Marco Valerio Lo Prete
Bilancio unico dell'Eurozona, fondo comune contro la disoccupazione e irreversibilità della moneta unica. Un documento riservato di Palazzo Chigi per non farsi schiacciare tra Merkel e Tsipras, e per rispondere alla tirata d'orecchie di Draghi ai politici europei.
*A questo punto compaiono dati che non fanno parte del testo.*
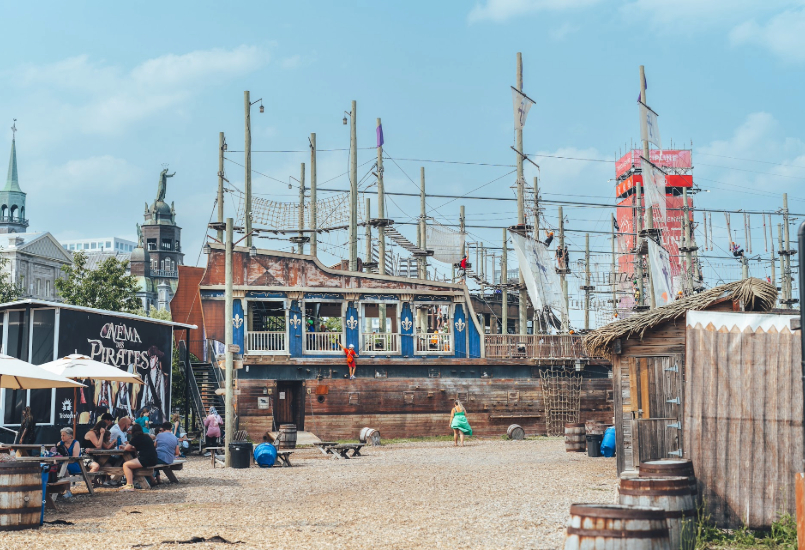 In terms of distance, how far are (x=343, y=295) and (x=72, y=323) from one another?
12.5 m

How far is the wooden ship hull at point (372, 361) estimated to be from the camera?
33.0 m

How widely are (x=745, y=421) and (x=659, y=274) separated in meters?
33.2

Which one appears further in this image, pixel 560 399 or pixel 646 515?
pixel 560 399

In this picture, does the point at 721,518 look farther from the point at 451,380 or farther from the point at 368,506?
the point at 451,380

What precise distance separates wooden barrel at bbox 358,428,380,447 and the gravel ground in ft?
27.6

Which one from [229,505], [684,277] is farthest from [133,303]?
[229,505]

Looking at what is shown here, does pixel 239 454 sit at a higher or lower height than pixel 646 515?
lower

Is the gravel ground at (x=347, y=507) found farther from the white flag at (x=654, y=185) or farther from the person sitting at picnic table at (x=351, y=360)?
the white flag at (x=654, y=185)

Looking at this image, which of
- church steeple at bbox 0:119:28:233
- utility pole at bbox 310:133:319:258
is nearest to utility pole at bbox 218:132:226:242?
utility pole at bbox 310:133:319:258

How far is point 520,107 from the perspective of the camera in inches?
1626

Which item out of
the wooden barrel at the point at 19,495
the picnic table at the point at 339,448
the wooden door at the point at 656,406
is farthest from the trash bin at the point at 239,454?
the wooden barrel at the point at 19,495

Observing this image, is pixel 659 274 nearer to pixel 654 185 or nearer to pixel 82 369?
pixel 654 185

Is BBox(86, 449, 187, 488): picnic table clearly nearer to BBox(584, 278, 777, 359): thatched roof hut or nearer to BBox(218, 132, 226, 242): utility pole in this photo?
BBox(584, 278, 777, 359): thatched roof hut

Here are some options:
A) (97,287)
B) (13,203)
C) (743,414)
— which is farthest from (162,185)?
(743,414) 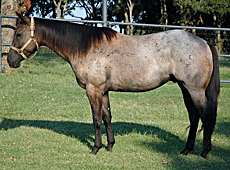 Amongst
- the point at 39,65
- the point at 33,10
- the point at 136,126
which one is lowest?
the point at 136,126

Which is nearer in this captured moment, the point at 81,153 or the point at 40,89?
the point at 81,153

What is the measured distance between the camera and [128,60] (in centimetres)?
423

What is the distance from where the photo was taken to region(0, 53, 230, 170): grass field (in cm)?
407

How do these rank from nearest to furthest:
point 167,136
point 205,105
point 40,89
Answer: point 205,105, point 167,136, point 40,89

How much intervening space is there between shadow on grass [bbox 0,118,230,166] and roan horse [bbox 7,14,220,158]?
401 millimetres

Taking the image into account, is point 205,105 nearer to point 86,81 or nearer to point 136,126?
point 86,81

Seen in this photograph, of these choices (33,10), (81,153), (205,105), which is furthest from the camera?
(33,10)

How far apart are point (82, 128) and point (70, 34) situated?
2357 millimetres

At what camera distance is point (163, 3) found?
90.9ft

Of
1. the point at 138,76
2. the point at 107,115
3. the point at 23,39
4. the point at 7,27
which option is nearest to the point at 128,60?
the point at 138,76

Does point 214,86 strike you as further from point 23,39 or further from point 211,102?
point 23,39

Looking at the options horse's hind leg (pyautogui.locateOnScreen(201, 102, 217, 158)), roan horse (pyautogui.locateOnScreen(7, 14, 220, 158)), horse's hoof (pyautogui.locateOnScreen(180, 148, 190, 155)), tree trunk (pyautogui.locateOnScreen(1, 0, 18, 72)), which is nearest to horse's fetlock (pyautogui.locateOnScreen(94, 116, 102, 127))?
roan horse (pyautogui.locateOnScreen(7, 14, 220, 158))

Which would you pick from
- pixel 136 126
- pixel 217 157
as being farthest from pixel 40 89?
pixel 217 157

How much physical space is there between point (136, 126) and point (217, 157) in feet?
7.12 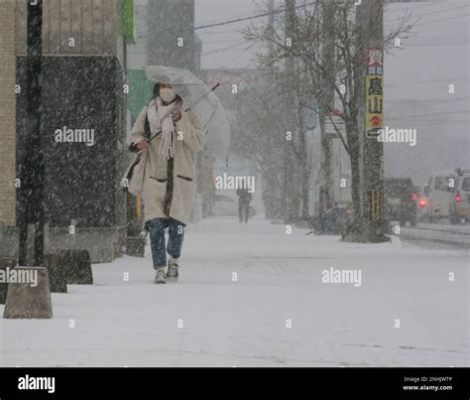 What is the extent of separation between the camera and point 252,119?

La crisi greca oramai prossima al redde rationem. Il rapido avvicinarsi del referendum inglese sull’adesione all’Unione europea dopo la vittoria elettorale dei conservatori di David Cameron. Infine la crescita che è tornata, sì, ma soprattutto in Italia è decisamente anemica. Sono principalmente questi fattori a spingere in queste ore alcune cancellerie europee nel tentativo di un rilancio in grande stile – l’ennesimo, ma forse l’ultimo possibile – dell’Unione economica e monetaria. Il governo Renzi, con un documento che il Foglio ha letto e che in queste ore è stato inviato alle massime autorità brussellesi e alla Banca centrale europea, ha iniziato a dire la sua.

 

Sabato mattina Mario Draghi, il presidente della Banca centrale europea (Bce), aveva aperto le danze, parlando a Sintra, in Portogallo, a un forum di banchieri centrali. E poi inviando una lettera a un prestigioso seminario di giuristi di tutto il continente riuniti a Roma, all’Università Luiss, alla presenza dei massimi esponenti della Corte di giustizia europea. Un messaggio in cui Draghi guardava oltre la contingenza, fornendo un giudizio tranchant: “Nel lungo periodo l’Unione economica e monetaria potrà funzionare veramente soltanto se sapremo ovviare alle lacune istituzionali e regolamentari ancora presenti”. Vivacchiare, dunque, è necessario ma non sufficiente. Perciò è anche “opportuno domandarsi se sia stato sempre fatto abbastanza nell’area dell’euro per salvaguardare la capacità di utilizzare la politica di bilancio in senso anticiclico”. Risposta del presidente della Bce: “Credo di no”. Perciò la riapertura a una necessaria “ulteriore condivisione di sovranità”.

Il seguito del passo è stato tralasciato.